Each packing two 25-millimeter cannons plus machine guns, grenade-launchers and two quadruple mounts for short-range Griffin anti-ship missiles, the Cyclones arguably are the most heavily-armed American warships relative to their size.
Since acquiring the patrol boats in the mid-1990s until recently, the Navy struggled to find a place for the diminutive vessels in a fleet dominated by much larger, ocean-going aircraft carriers, cruisers and destroyers. The patrol boats lack the range and seakeeping to deploy on their own, so the fleet must hire heavy-lift vessels to haul the tiny warships across oceans.
The Cyclones spent a decade in a kind of planning limbo. But then in 2003, the United States invaded Iraq. The patrol boats suddenly found their calling.
The waters of the Persian Gulf around Iraq’s sole oil terminal, where tanker ships hook up to load the precious crude, are too shallow for destroyers and cruisers. So to protect the strategic oil facility, the Navy deployed Cyclones.
The tiny but hard-hitting boats proved adept at shallow-water patrols. After the reborn Iraqi navy took over oil-terminal protection in the mid-2000s, the Cyclones shifted to more general missions in the waters separating Iraq and Iran.
“They are fulfilling long-standing and validated naval missions, functions and tasks, protecting U.S. national interests while providing stabilizing assurance to our allies and partners in a volatile region of the world,” the Navy said of the Cyclones.
To better prepare the patrol boats for combat in crowded, chaotic waters, in 2013 the Navy began improving the vessels — adding the Griffin missiles to greatly boost the boats’ firepower.
The Cyclones perhaps could outfight many of the gun- and rocket-armed boats and corvettes that make up the bulk of the Iranian navy and the naval militia of the Iranian Revolutionary Guard Corps. But any patrol boat lacking serious air-defense systems is vulnerable to shore- and air-launched heavy anti-ship missiles.
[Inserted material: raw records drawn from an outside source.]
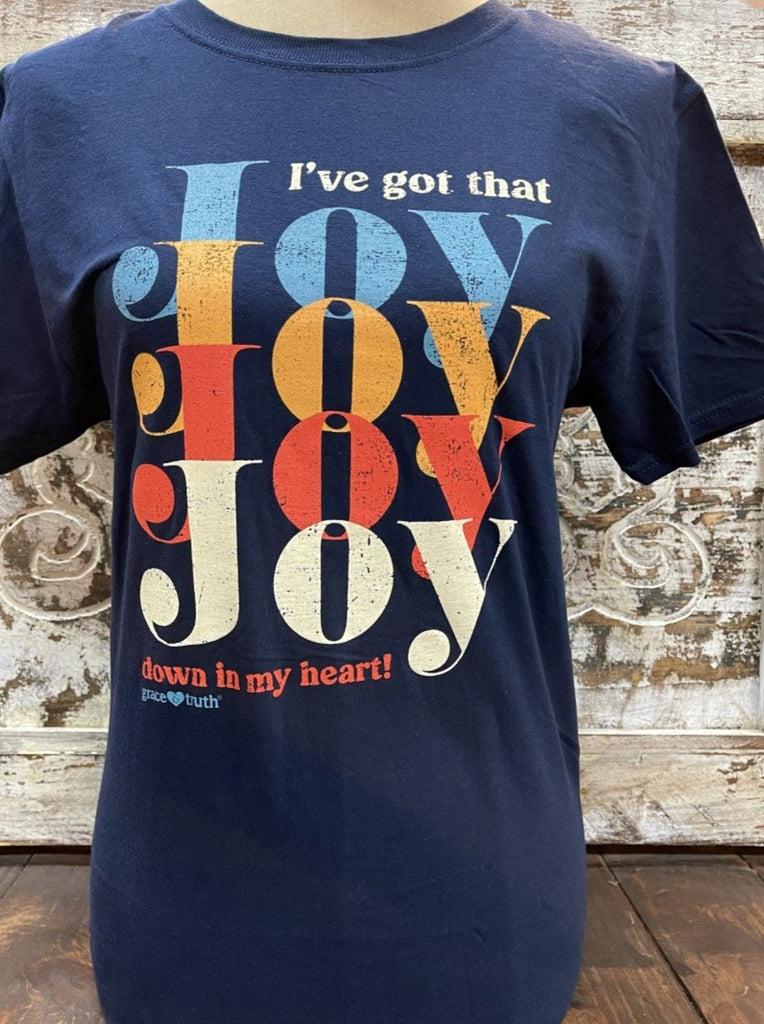 Ladies Navy Got the Joy T-shirt - GTA3809 - Blair's Western Wear Marble Falls, TX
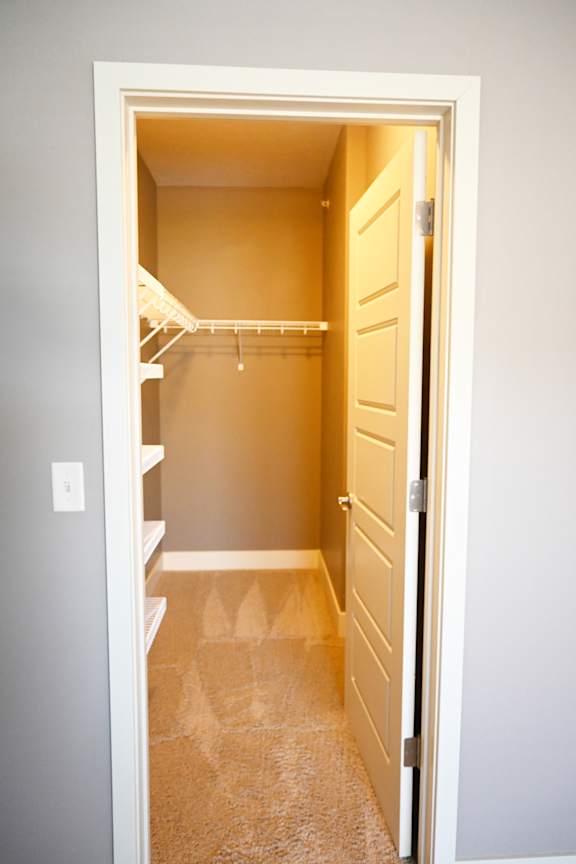 Closet with wire shelving and wood style flooring at The Sterling at Kearney
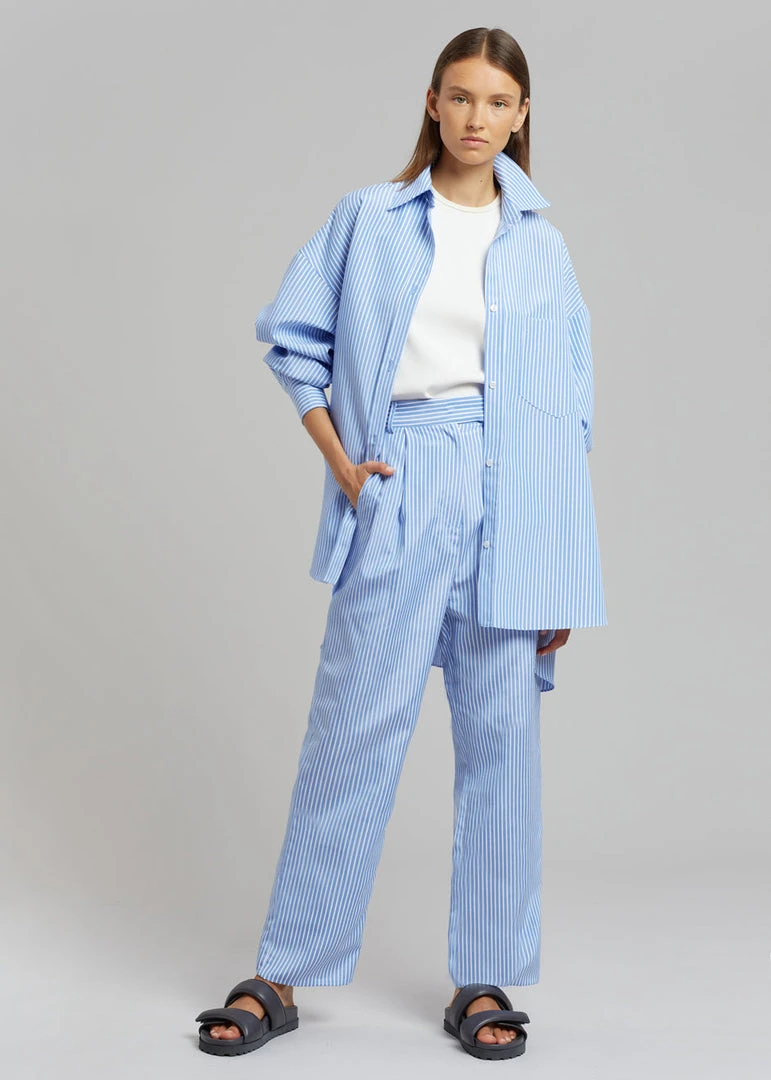 The Frankie Shop Bea Stripe Suit Pants - White/Light Blue 2 The Frankie Shop Bea Stripe Suit Pants - White/Light Blue
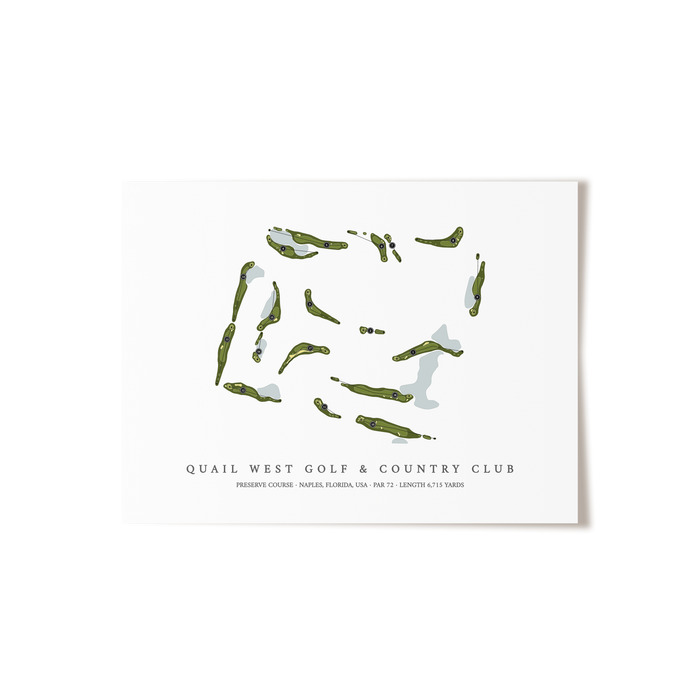 Quail West Golf & Country Club - Preserve Course | Golf Course Map | Unframed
The Navy plans to keep the Cyclones in service beyond the current five-year planning period that ends in 2024. After that, the fleet should consider replacing the patrol boats with “PC(R)” robotic vessels, Navy lieutenant commander Collin Fox argued in the February 2019 issue of Proceedings, the professional journal of the U.S. Naval Institute.
"Medium-displacement unmanned surface vessels are coming to the fleet; but when, how, and what roles they will fill are open questions," Fox writes. "Rather than developing a new MDUSV from scratch, the Navy should take advantage of the requirement to replace the Cyclone-class patrol coastal ships to develop a capable, mature MDUSV—killing two birds with one stone."
The new robotic patrol boat could borrow the hull of the Coast Guard’s 350-ton-displacement Sentinel-class cutter, Fox pointed out. The Coast Guard also refers to the Sentinels by their class code “WPC.”
“The Navy should latch onto the Coast Guard’s WPC program to acquire a PC(R) that could also serve as a MDUSV development platform and, eventually, a MDUSV,” Fox wrote. “A vessel based on the WPC would take advantage of the Coast Guard’s sunk development costs and production learning curve, while also leveraging multiyear procurement to achieve still greater cost savings.
A robotic patrol boat, in theory, could perform the same dangerous mission that the Cyclones do, but without risking American lives.